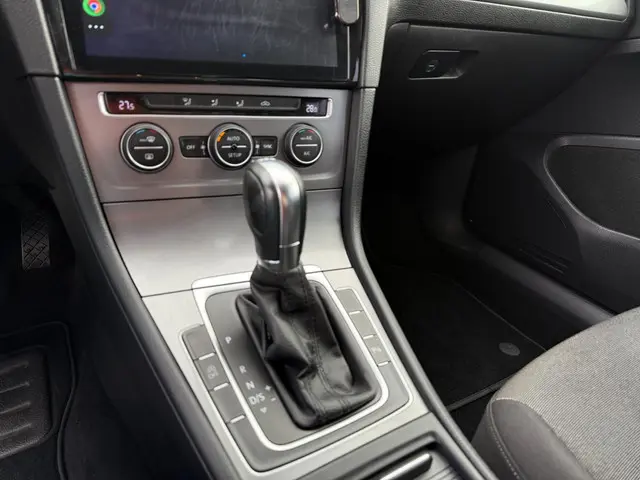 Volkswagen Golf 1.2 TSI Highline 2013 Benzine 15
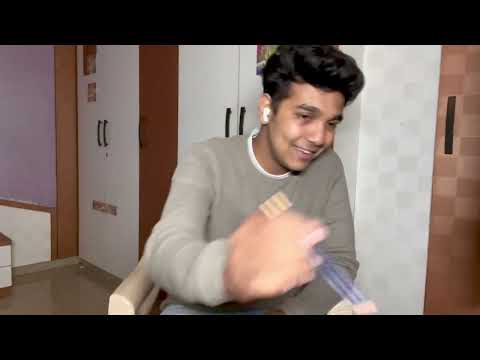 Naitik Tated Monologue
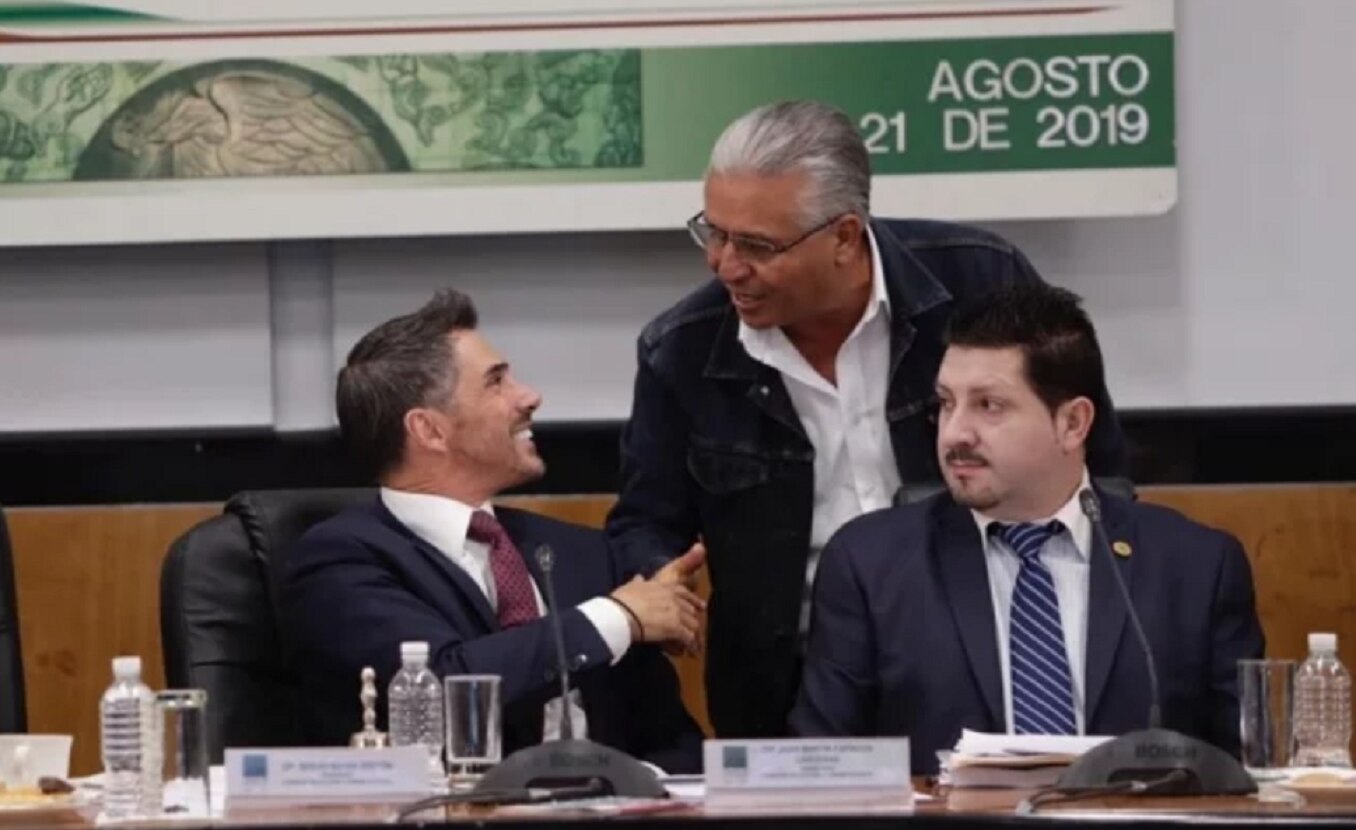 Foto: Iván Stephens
--
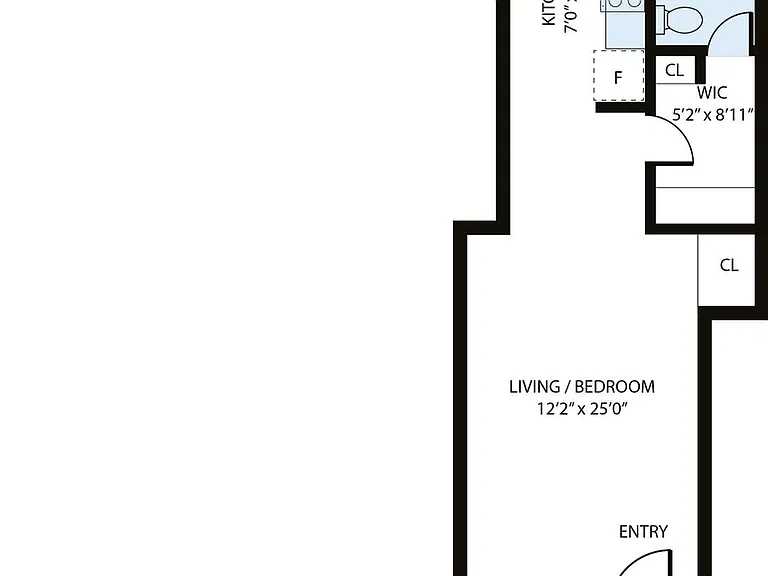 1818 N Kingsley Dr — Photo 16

◆ Exercise aim
From the entries above, copy exactly the lines starting at the one with "Volkswagen Golf 1.2" and stopping at the one with "Foto: Iván Stephens", keeping both ends. Drop the pictures.

◆ Completed exercise
 Volkswagen Golf 1.2 TSI Highline 2013 Benzine 15
 Naitik Tated Monologue
 Foto: Iván Stephens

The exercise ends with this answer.